Hoe probeert u zo’n blijvende gedragsverandering te bereiken?
“Het is complex en zeker niet eenvoudig. Kort gezegd zijn hiervoor de juiste capaciteit, mogelijkheden en motivatie nodig. Je moet bijvoorbeeld begrijpen waarom het belangrijk is om je gezondheidsgedrag aan te passen. Maar je moet de ook positieve gevolgen van het aangepaste gedrag ervaren en het kunnen inpassen in je dagelijks leven. Steun vanuit familie of vrienden of op het juiste moment of een compliment van een zorgprofessional kan hierbij bijvoorbeeld ook helpen. Technologie is daarbij een handig hulpmiddel. Maar ‘one size fits all’ werkt niet, een app moet wel aangepast zijn aan de persoonlijke situatie, gezondheidsgedrag en vaardigheden van de patiënt.”

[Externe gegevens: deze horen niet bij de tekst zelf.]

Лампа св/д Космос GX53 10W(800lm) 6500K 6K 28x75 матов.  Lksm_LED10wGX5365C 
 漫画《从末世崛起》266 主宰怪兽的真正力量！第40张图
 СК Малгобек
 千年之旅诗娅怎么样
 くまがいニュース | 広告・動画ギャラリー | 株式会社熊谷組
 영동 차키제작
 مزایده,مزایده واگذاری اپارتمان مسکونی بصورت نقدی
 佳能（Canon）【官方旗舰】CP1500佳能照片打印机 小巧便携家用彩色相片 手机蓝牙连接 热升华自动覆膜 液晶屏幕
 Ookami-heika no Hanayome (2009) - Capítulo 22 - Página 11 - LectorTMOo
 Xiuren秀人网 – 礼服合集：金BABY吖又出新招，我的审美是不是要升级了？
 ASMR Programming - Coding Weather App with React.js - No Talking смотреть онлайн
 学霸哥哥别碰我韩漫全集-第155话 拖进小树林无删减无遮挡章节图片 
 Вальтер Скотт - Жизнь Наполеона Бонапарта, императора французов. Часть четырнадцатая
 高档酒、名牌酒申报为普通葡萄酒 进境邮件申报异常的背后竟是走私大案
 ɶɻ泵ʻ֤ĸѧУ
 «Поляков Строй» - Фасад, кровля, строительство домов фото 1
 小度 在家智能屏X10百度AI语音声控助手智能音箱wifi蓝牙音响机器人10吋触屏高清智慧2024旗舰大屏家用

Wat voor technologie hebben jullie dan al ontwikkeld hiervoor?
“We onderzoeken nieuwe vormen van therapie met ‘blended care’; de face-to-face behandeling wordt daarbij ondersteund met een app bestaande uit beweeg-, oefen- en zelfmanagementmodules. We hebben bijvoorbeeld de e-Exercise behandeling ontwikkeld voor mensen met lage rugpijn. Hierbij maken we gebruik van een tool ontwikkeld in Engeland om beter te screenen wie alleen zelfmanagementinformatie en advies nodig heeft en wie vanwege een minder gunstige prognose ook face-to-face begeleiding door de fysiotherapeut nodig heeft.”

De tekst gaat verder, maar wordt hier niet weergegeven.